An Internet hoax that ended with the suicide of a 13-year-old has led to calls from her family for better protections against online harassment, though any solution may run afoul of constitutional free speech rights.
Megan Meier, 13, hanged herself on Oct. 16 last year, just minutes after receiving mean messages on the social networking Web site MySpace. She died the next day.
Megan's parents learned about six weeks after her death that their daughter, who thought she was communicating online with a 16-year-old boy, was being deceived. The boy was created by a mother down the street who wanted to know what Megan was saying about her own daughter, who had had a falling out with Megan.
Lieutenant Craig McGuire of the St. Charles County Sheriff's Department said authorities could not find a crime to charge anyone with in Megan's case.
"How do you legislate bad behavior?" he asked.
Megan's family wants reforms that would make it illegal for adults to misrepresent themselves to children online and make it illegal to harass or bully online.
Aldermen in Dardenne Prairie, the Meiers' hometown of about 7,000 residents about 56km from St. Louis, have proposed a new ordinance related to child endangerment and Internet harassment. And Representative Cynthia Davis, a state lawmaker who represents the area, said she is trying to see if existing Missouri laws can be improved.
But, she said, any legal reforms must protect freedom of speech rights. And federal reform might be more appropriate since someone from outside the state could interact with Missouri children online, she said.
Even so, it is hard to know what would work as a response to Megan's situation, Davis said.
"This girl was not threatened on the Internet. Somebody said some things that were extremely horrid," she said.

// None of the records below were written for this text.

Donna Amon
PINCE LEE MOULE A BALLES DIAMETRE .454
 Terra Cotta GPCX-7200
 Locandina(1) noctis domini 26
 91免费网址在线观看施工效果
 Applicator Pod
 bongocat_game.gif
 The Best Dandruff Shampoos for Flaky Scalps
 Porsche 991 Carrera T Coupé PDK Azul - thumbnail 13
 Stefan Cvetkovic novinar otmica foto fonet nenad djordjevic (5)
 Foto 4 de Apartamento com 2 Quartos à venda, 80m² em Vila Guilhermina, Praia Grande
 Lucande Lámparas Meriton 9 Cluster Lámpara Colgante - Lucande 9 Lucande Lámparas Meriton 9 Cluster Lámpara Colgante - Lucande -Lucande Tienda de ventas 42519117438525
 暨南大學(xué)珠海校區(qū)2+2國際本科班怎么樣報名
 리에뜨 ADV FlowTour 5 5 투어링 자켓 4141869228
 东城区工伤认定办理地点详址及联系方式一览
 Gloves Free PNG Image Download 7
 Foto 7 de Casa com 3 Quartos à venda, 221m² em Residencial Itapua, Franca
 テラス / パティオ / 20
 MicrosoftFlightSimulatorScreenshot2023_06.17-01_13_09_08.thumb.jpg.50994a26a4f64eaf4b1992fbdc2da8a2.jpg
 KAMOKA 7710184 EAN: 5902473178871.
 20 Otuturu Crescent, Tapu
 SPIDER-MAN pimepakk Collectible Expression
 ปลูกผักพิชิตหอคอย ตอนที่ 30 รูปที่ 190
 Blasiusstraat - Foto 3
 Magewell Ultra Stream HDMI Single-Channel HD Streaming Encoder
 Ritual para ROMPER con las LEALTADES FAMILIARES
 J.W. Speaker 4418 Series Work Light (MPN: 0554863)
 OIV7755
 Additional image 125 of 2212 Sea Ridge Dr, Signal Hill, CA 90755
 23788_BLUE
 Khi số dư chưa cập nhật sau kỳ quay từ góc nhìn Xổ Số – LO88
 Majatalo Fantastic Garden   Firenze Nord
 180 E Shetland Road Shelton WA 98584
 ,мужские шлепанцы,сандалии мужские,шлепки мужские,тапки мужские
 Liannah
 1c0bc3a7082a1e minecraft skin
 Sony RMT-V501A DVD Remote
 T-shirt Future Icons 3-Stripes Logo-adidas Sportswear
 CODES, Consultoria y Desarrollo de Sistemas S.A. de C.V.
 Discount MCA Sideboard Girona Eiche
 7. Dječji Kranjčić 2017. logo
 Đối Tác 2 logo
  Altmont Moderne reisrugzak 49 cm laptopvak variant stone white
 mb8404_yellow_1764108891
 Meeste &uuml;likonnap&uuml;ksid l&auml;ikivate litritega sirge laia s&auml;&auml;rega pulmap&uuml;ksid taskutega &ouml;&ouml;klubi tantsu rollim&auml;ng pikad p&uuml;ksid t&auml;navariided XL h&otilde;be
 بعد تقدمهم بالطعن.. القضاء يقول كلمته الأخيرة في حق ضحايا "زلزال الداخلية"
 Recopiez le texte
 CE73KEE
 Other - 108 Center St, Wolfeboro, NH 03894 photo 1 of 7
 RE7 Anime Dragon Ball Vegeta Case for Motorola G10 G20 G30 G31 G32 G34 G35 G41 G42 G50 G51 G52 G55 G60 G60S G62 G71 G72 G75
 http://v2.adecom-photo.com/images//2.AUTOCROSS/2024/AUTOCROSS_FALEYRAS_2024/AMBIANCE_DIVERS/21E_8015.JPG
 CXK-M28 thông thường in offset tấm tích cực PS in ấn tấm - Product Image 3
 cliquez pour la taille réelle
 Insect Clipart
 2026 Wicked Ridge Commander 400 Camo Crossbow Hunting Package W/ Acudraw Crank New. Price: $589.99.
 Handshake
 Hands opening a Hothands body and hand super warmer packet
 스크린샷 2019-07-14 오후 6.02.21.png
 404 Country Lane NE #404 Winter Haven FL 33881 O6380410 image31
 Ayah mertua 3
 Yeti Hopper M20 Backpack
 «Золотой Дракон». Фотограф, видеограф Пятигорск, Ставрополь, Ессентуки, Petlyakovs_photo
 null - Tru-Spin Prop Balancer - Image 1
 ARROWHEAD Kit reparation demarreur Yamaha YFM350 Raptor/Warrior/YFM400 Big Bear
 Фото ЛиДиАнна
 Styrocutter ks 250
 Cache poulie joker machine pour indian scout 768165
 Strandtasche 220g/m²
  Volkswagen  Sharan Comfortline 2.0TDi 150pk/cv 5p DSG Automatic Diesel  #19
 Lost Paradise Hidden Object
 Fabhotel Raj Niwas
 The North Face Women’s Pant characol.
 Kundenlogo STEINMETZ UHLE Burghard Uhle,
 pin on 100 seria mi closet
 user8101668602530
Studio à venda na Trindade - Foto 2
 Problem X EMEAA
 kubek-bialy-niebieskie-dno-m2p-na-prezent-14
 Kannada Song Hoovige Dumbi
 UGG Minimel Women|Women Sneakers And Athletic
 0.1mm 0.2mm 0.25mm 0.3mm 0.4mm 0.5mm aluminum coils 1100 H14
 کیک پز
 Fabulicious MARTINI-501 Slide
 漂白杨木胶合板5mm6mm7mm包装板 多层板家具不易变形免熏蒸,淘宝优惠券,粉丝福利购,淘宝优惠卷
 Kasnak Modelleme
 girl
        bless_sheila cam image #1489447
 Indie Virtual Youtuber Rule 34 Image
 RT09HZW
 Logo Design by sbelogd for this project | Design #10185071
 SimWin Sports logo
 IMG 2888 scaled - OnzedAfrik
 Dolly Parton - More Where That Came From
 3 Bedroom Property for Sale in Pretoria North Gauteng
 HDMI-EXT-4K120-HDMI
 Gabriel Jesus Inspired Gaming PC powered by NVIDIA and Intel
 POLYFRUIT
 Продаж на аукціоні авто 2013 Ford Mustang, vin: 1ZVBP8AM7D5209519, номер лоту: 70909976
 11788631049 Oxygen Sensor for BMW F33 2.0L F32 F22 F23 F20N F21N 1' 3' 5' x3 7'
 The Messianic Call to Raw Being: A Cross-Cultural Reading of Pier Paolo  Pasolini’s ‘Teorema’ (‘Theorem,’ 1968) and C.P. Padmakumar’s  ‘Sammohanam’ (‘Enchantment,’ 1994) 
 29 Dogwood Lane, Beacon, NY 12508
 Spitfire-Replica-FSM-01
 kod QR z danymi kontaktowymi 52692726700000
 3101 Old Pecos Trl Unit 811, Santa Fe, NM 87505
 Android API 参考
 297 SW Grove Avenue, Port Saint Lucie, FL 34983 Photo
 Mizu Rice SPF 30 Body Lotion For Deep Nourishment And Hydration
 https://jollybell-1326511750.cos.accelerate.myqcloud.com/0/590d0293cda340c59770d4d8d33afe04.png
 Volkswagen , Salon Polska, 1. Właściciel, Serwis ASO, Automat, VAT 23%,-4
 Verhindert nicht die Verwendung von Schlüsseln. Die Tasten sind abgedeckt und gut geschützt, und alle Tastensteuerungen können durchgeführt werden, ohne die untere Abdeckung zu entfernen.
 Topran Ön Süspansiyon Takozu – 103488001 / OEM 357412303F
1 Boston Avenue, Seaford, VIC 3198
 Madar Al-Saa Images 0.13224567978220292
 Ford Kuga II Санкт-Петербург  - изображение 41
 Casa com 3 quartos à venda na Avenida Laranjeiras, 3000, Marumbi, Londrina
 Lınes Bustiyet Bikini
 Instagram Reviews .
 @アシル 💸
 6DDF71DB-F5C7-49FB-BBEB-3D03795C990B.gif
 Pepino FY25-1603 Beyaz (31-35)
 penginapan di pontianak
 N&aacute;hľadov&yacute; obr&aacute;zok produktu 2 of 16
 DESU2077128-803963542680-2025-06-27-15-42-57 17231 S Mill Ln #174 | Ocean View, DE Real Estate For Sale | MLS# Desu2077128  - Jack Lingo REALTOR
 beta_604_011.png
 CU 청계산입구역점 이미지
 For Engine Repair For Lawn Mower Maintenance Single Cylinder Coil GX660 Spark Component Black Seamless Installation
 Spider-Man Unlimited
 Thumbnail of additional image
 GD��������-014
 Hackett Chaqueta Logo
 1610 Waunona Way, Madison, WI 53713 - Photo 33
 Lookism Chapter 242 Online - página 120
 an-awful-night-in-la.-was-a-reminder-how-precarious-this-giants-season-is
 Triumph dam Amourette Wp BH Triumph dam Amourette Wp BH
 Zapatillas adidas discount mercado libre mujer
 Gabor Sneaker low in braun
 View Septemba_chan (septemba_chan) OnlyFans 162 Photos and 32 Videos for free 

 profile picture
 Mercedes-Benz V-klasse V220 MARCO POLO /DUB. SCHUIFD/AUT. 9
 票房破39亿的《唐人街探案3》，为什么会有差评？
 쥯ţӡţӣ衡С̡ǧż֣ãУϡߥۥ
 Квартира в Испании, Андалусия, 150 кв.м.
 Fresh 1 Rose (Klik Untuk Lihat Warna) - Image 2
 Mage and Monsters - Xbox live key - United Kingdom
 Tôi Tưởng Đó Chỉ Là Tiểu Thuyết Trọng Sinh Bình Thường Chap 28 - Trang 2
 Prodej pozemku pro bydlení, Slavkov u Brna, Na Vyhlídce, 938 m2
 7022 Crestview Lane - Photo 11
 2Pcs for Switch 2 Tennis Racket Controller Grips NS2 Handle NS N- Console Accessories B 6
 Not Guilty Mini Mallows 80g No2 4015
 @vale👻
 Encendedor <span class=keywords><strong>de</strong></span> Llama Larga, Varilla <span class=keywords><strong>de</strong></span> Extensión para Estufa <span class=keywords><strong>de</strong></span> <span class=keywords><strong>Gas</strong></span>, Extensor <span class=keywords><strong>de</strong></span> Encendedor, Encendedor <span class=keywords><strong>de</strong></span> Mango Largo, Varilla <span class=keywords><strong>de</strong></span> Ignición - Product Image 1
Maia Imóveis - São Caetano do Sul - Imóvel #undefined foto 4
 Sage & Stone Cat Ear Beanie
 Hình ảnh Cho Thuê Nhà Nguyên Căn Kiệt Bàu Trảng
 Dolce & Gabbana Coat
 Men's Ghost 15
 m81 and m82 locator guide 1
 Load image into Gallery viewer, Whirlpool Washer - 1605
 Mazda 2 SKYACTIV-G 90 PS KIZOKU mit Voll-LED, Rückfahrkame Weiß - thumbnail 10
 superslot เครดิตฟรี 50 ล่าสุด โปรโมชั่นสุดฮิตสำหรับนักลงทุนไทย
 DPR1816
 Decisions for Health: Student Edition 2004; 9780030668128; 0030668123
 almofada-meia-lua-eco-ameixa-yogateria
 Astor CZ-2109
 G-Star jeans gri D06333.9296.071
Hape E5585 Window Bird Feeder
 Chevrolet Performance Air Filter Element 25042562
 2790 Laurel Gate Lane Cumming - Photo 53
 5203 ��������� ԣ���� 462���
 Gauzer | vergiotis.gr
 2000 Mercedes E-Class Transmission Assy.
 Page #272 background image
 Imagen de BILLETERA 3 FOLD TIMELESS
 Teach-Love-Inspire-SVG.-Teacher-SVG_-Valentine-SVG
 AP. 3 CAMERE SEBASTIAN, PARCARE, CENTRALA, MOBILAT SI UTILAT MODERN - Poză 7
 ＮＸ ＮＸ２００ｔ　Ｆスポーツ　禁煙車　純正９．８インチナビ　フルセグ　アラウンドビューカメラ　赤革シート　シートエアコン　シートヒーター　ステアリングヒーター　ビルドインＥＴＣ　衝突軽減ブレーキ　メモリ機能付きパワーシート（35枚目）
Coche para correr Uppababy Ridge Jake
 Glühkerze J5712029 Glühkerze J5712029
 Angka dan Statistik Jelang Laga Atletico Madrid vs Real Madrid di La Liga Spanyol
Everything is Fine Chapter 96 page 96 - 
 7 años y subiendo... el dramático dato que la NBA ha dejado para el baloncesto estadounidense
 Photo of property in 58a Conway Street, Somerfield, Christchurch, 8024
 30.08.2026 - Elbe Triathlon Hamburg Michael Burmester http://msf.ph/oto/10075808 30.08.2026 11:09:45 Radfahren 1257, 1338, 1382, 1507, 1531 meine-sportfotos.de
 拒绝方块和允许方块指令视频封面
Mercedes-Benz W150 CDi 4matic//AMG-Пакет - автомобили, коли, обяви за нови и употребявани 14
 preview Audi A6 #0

What happened to Megan is not just awful, it ought to be criminal, her mother, Tina Meier, said on Monday.
"You cannot, absolutely cannot, as an adult, pose as a 16-year-old boy on a computer and play games with someone," Meier said.
"If there's not a law out there to punish someone for that, that's despicable," she said.
Tina Meier, who admits she let her daughter open a MySpace account before she was 14, said she monitored her daughter's activities, logging on for her daughter and using software to capture Megan's communications online.